A Pentagon paradox in the Middle East

As the Defense Department seeks to spend nearly $1 trillion next year (it’s well past that, actually, once you add in the nearly $400 billion spent annually on veterans), it finds itself on the horns of a dilemma. The old saying was that “the U.S. is in an arms race with itself,” seeing as the Pentagon has been pushing for ever-more advanced armaments to leapfrog what it’s already got in its arsenal (along with a sprinkling of bogeyman pixie dust, of course). But the war in Gaza finds the U.S. on both sides of the conflict: bombs for the Israelis, and box lunches for those they’re bombing.

Washington has quietly approved more than 100 weapons sales to Israel since it invaded Gaza, largely financed by the more than $3 billion in annual aid the U.S. gives to Israel. At the same time, the U.S. is airdropping tens of thousands of meals to feed starving Palestinians in the Gaza strip and plans to build a temporary port to try to avert a famine. “We are airdropping food to famine-stricken Gaza today and supplying bombs for Israel to drop on devastated Gaza tomorrow,” Senator Peter Welch (D-VT) said March 5. Hamas attacked Israel last October, killing more than 1,100 Israelis. Israel has responded with barrages that Hamas health authorities say have killed more than 30,000 Gazans, despite repeated pleas from the Biden administration that Israel do more to protect civilians in Gaza.
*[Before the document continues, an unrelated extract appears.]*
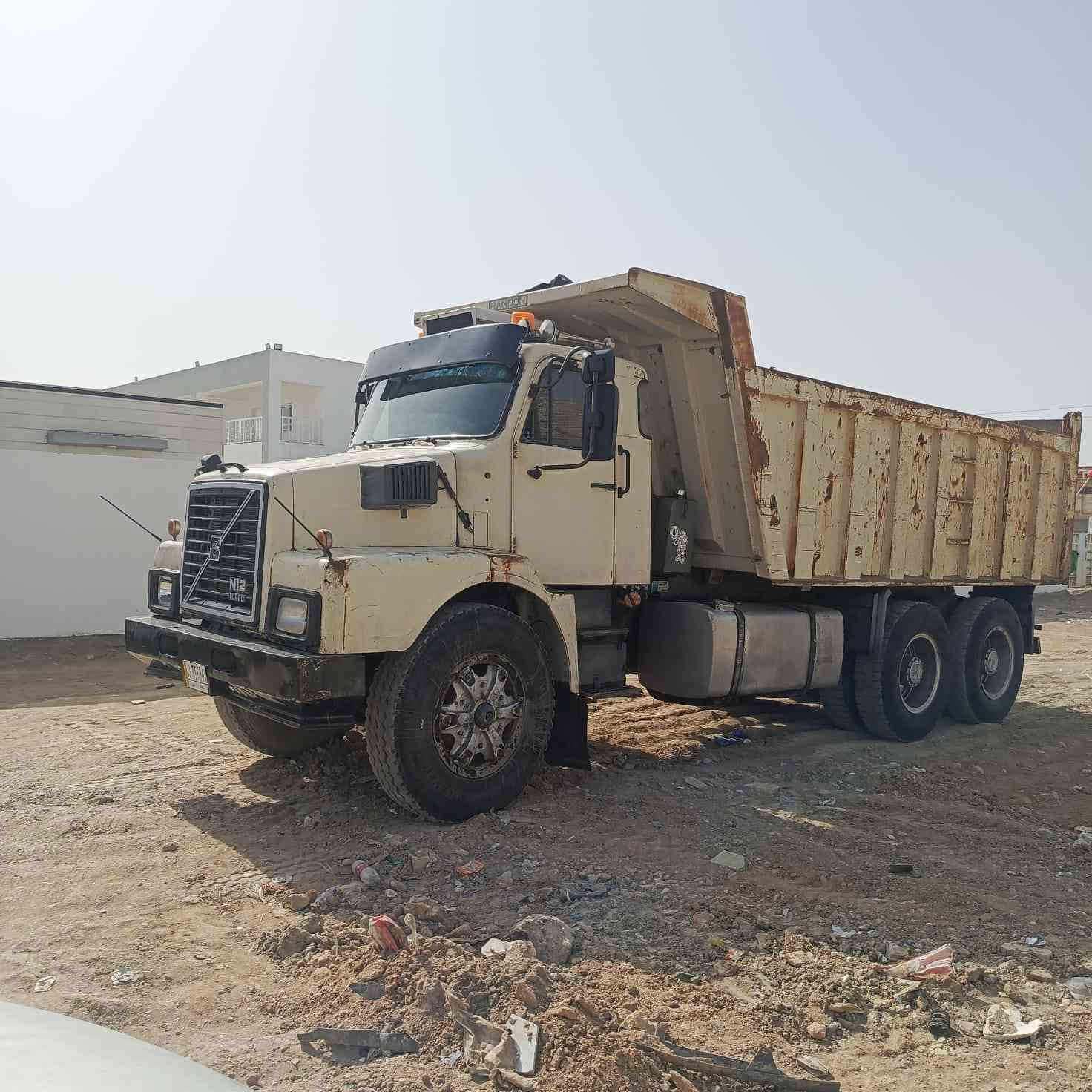 فالفو 1989برزيلي بسمي شرط التحويل مكينه جي عشره تجفيت جديد كير 4×4 وطايف مكفوله  كفاله سياره جاهزه للعمل مكاني ديوانيه 
***********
This is what happens when you have too much money. The Pentagon’s post-9/11 cash gusher “hasn’t forced us to make the hard choices,” Admiral Mike Mullen, chairman of the Joint Chiefs of Staff, said in 2011. “It hasn’t forced us to limit ourselves and get to a point or deciding, in a very turbulent world, what we’re going to do and what we’re not going to do.” Thirteen years later, unfortunately, the U.S. has yet to sit itself down and have that discussion.

WHAT WE’RE READING

Here’s what has caught The Bunker’s eye recently

Catch-22

The U.S. Army is “an incredibly hierarchical and byzantine organization” where “those with the power to mandate change do not necessarily have the power to execute it,” Abdul Subhani wrote March 11 on West Point’s Modern War Institute website.

Fallout

Seventy years ago, the U.S. detonated an H-bomb at Bikini Atoll in the Pacific, 1,000 times bigger than the A-bomb that destroyed Hiroshima. The U.S. still needs to help the handful of survivors exposed to that radiation, Walter Pincus wrote March 5 in the Washington Post.

Snowblind

A man who drove his speeding snowmobile into a darkened and camouflaged Black Hawk helicopter parked on a rarely used Massachusetts airfield at dusk in 2019 is suing the federal government for the serious injuries he suffered in the crash, Michael Casey of the Associated Press reported March 6.